The linchpin of the agreement is a provision calling for the creation, within the next three years, of a new kind of governing body at each of the district’s 183 schools. These “quality management councils” will include the principal and staff-selected representatives. They’ll have authority to set a wide range of school policies, from curriculum to hiring practices, and they will govern by consensus. If a principal votes against a council’s majority, the members can appeal to a yet-to-be designated committee outside the school made up of union members and administrators.

The change could rub some principals the wrong way. “By and large, we have some administrators who see it right away as a great opportunity and a way to legitimize what they’ve already done,” says Steve Seleznow, associate superintendent for administration. “But if you believe in authoritarian control, in a top-down bureaucracy, or that all knowledge flows from the principal, then you’re not going to like this contract.”

Not surprisingly, the contract has produced some dissension. Two of seven school board members and about 25 percent of the teachers voted against the pact. And some parents have voiced concern that it doesn’t guarantee them a spot on the councils.

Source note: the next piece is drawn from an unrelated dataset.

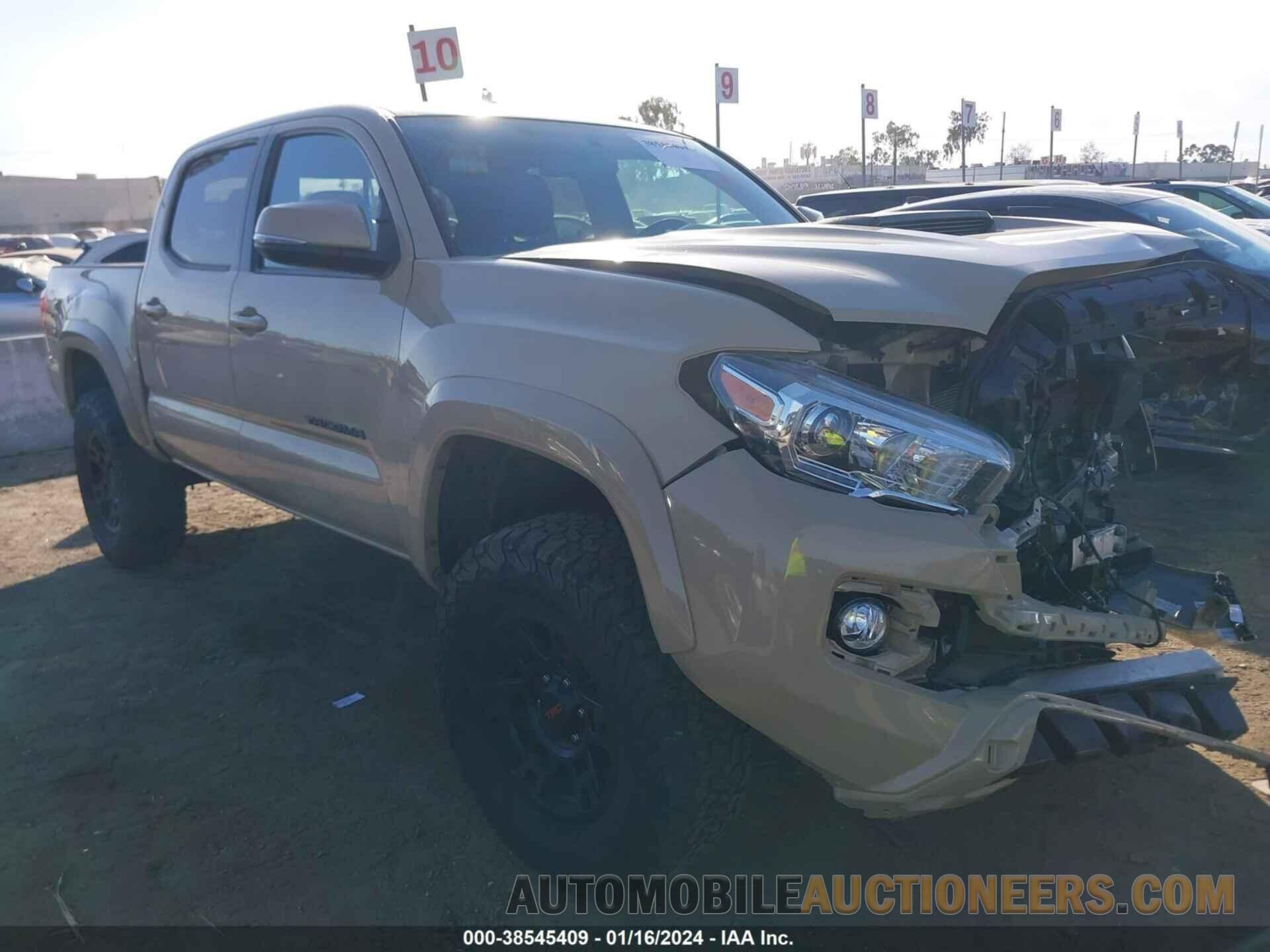 3TMCZ5AN0GM006740 TOYOTA TACOMA 2016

“Our site-based decisionmaking policy is very clear that all stake-holders must be involved as full partners, and the current MCEA contract doesn’t do that,” says Mona Signer, a board member who voted against the agreement. Signer also argues that despite its emphasis on accountability, the contract doesn’t include real consequences should the school councils or their members fail to achieve their goals.

Many of the objections Simon has had to address in recent weeks have come from his own members. “I’m not sure people haven’t been taken a little off guard,” says Alice McGinnis, an elementary school music teacher who voted for the contract. “We knew something different was being negotiated, but I don’t think anybody fathomed this much. There’s a sense in which we’re playing catch up, and everyone is nervous about the nuts and bolts.”

Since the February vote, union leaders have been visiting small groups of teachers to make sure they understand how the contract is supposed to work. Repeatedly, teachers ask how they’ll find time to participate on councils and what will happen if their principals don’t cooperate.

John Wehrle, a high school history teacher, says the union should have concentrated more on getting a better compensation package—the pact includes a modest 2.4 percent raise—than an agreement that gives teachers new management responsibilities. “The council concept is a nice idea, but it’s just a secondary issue,” says Wehrle, a 30-year district veteran who voted against the contract. “Unions are a way to protect people who don’t have any other protection from management’s whim.”

Simon is not surprised by such comments; he expected a mix of enthusiasm, confusion, and concern. He knows it will take more than a new contract to transform the way things are done in a district that employs more than 15,000 people. “Negotiating the contract was the easy part,” Simon says. “It’s one thing to put things into a document; it’s another to actually bring about a culture change away from a command-and-control management system.”